[Input data]

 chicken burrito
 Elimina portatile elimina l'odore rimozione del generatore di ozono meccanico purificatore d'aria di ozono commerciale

[/Input data]
[Input data]

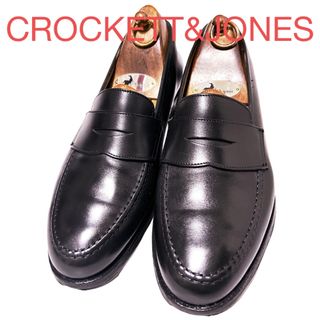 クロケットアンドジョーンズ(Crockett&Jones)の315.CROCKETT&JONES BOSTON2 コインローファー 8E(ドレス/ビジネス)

[/Input data]

Could you restate, word for word, the lines above from the one with "chicken burrito" to the one with "Elimina portatile elimina", both included?

 chicken burrito
 Elimina portatile elimina l'odore rimozione del generatore di ozono meccanico purificatore d'aria di ozono commerciale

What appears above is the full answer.